Shell’s direct unit operating costs, which it defines as excluding capital investment and other indirect operational costs, is about $1 per barrel of oil equivalent, or lower than similar projects, said Xu Li, Shell’s general manager of the field. He spoke to reporters at the unit’s headquarters on the outskirts of Yulin on Nov. 19.
Shell is spending $1 billion in China this year and is stepping up its investment in the nation’s unconventional natural gas sector. China, the world’s largest energy consumer, is seeking to lower its reliance on coal and replace it with cleaner sources, such as gas.
“We have started to drill more test wells in the second phase of development in the Changbei project, and we expect the second phase to bring a significant amount of output,” in addition to the first phase, Xu said. All output from Changbei is sold to Beijing.
Shell, the operator of the project, will drill more wells at different depths in the second phase. Test production from the second phase could start in late 2014 or early 2015 based on test results and government approvals, Xu said.
The first phase of Changbei, which started output in 2007, has annual production capacity of 3.3 billion cubic meters of natural gas. That’s equal to 2.97 million barrels of oil equivalent based on BP Plc’s gas to oil conversion chart.
The field is a production-sharing venture between Shell and PetroChina, both of which have refused to provide details of the project stating the need to protect business secrets.
Shell and PetroChina signed the production-sharing agreement in 1999 and it was amended in 2005 and 2012. The Changbei project covers an area of 1,693 sq km (654 sq mi) in northwest China’s Shaanxi Province and Inner Mongolia Autonomous Region, according to Shell.

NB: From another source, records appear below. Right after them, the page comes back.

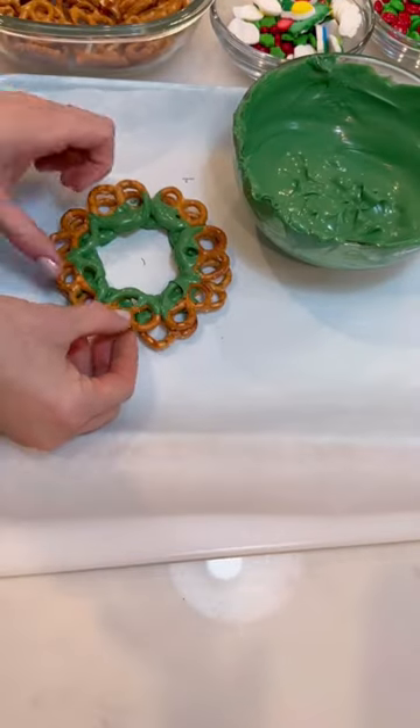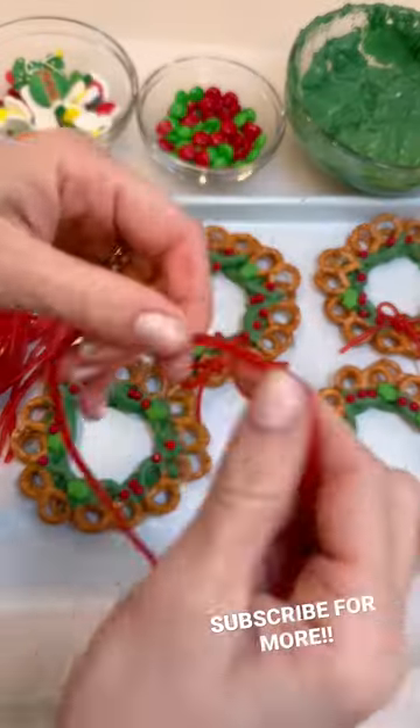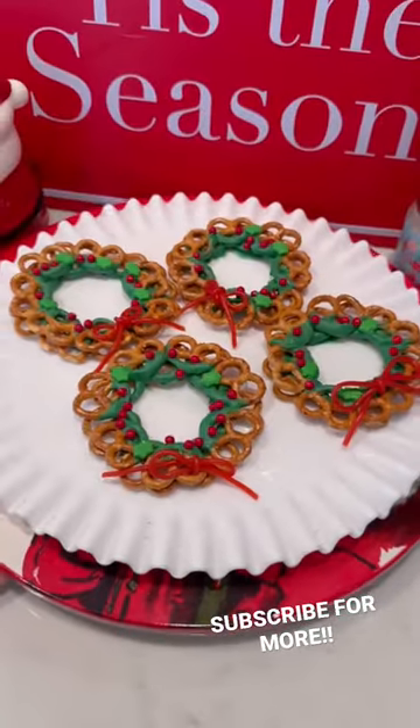Dip pretzels in melted green chocolate. Do two layers, add some candy ornaments and a little bow out of licorice. Perfect for your next holiday party.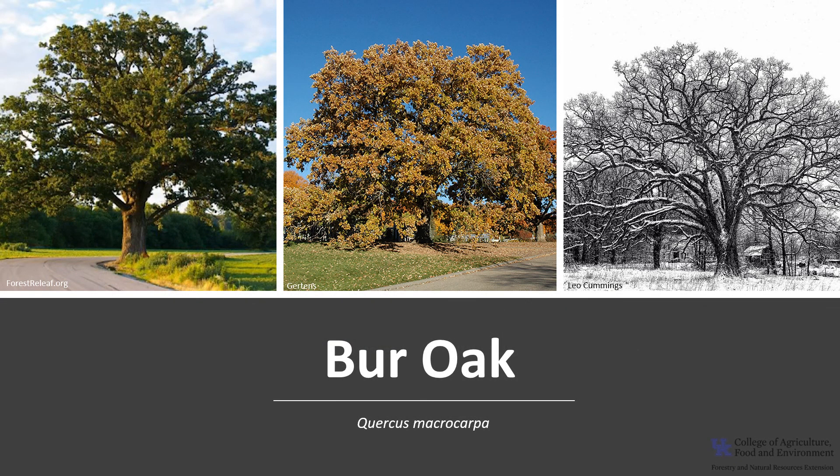Thank you for joining me to learn about the Burr Oak. I hope you get the opportunity to get out into your woodland, a local park, or your neighborhood and enjoy this outstanding and beautiful Burr Oak.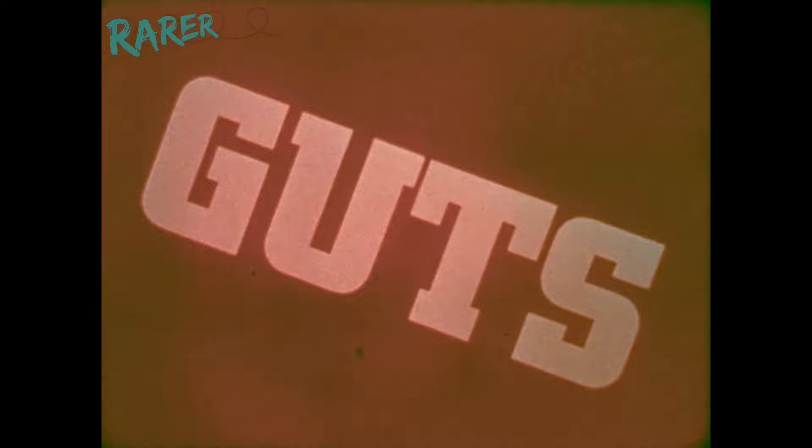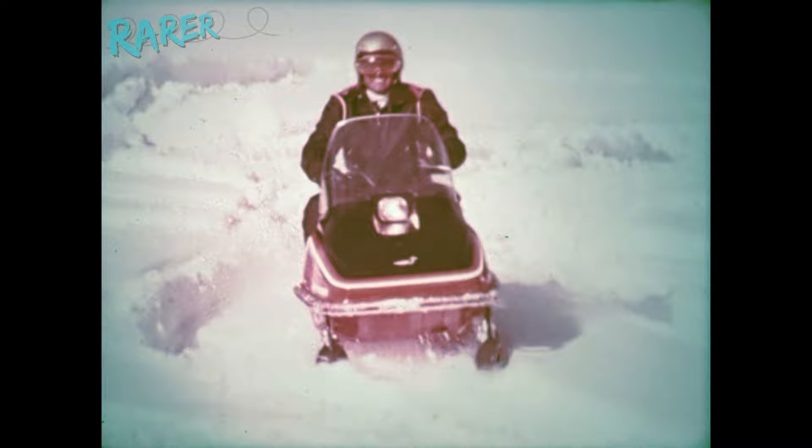Now watch the one that makes other snowmobiles look like they're standing still. The new 1975 Johnson JX: a completely new machine, more powerful than ever, ready to give you up to 58% better mileage with a revolutionary accelerator pump carburetor that delivers more guts, less gas. Here's the powerful JX650, the number one sports machine in America.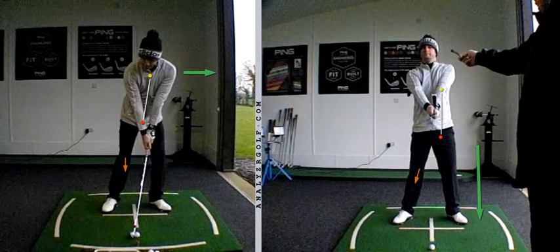Hi Ben, Super Session — just following up on the images that I've sent across to you today with just a quick video recap of the key points.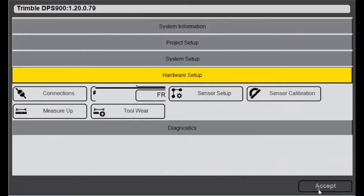I'll hit accept and that is saved. You'll want to make sure when doing that calibration that you move that tool as far as possible to give you the most accurate calibration that you can get.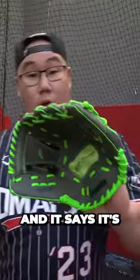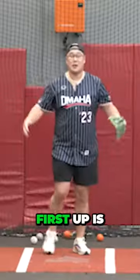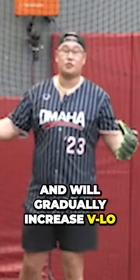It is $24, and it says it's ultra lightweight. It's very light for sure, and it's basically almost broken in already. First up is 70 miles an hour, and we'll gradually increase velo.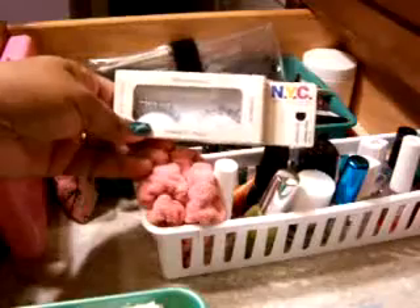In this first drawer I have the little containers that you can get from anywhere — Big Lots, Walmart, Family Dollar, Dollar Tree. In this container I have some NYC self-adhesive eyelashes and elf eyelashes.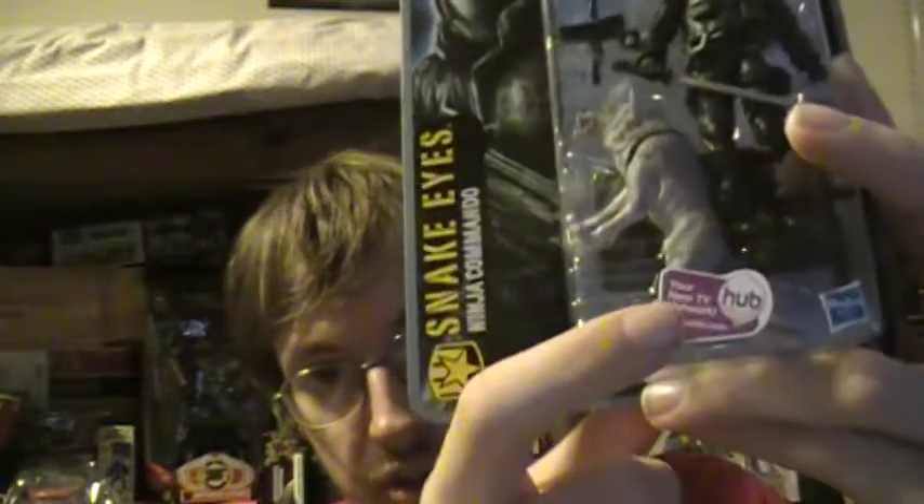Then we have Snake Eyes, who I'm surprised is actually from the Desert Battles series — I thought for sure he was from the Arctic series. He'll go great with Desert Battles Storm Shadow whenever I pick him up. I didn't pick up Storm Shadow today because I didn't like how the pupils looked, but I'll find a good one. I like this Snake Eyes because of the visor. And I'm starting to like Timber, his wolf ally — he's not too bad here. All of these have the Hub World stickers for the Hub, starting October 10th on cable television.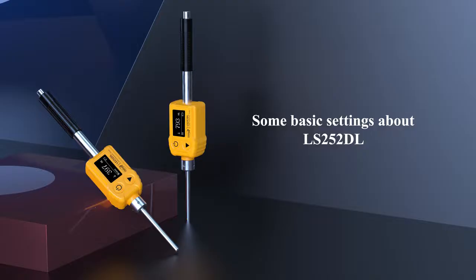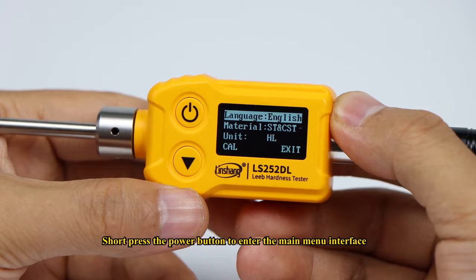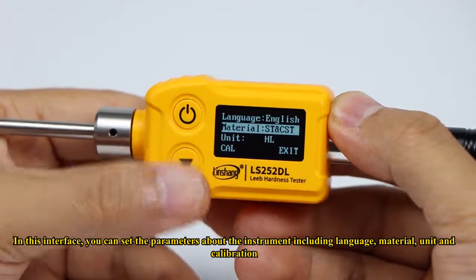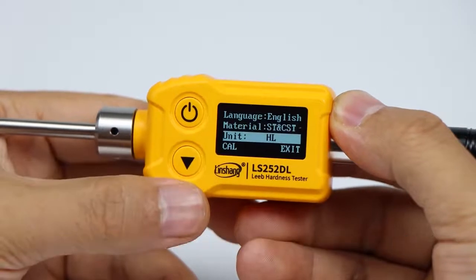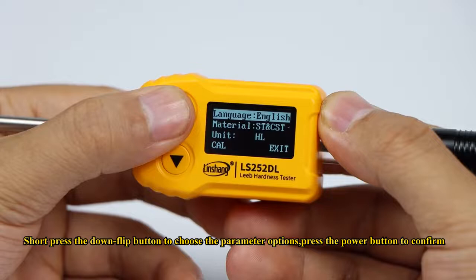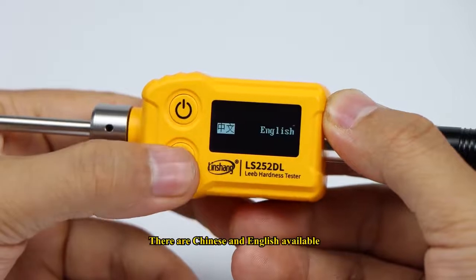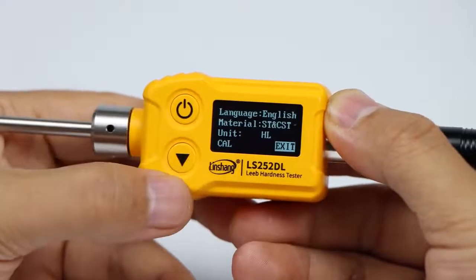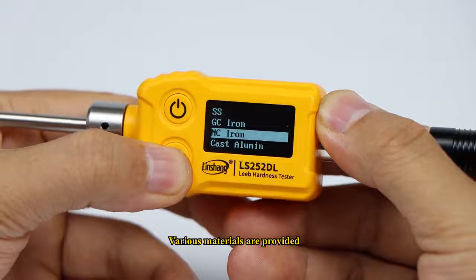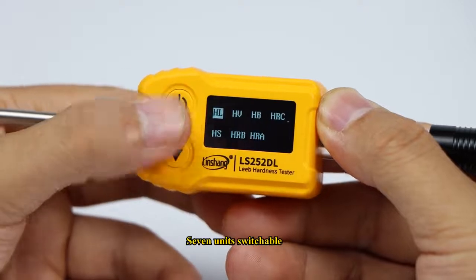Some basic settings about the LS252 DL: Short press the power button to enter the main menu interface. In this interface, you can set parameters including language, material, unit, and calibration. Short press the down flip button to choose the parameter options, then press the power button to confirm. There are Chinese and English language options available, various materials are provided, and seven units are switchable.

Shell “is investing $1 billion” in China on capital expenditure in 2013, Li Lusha, Shell’s head of media relations on China and North Asia, said in the same interview. Most of the spending went to Shell’s shale gas exploration in Sichuan, and the rest went to other projects including the Changbei project, she said.
Shell and China National Petroleum Corp., Petrochina’s state-owned parent, signed a product-sharing agreement in 2012 to explore and produce shale gas in an area covering about 3,500 square kilometers in southwest China’s Sichuan Province.
Shell is China’s biggest liquefied natural gas supplier, importing around 5 million tons of the fuel to China a year since 2010, according to the company’s website.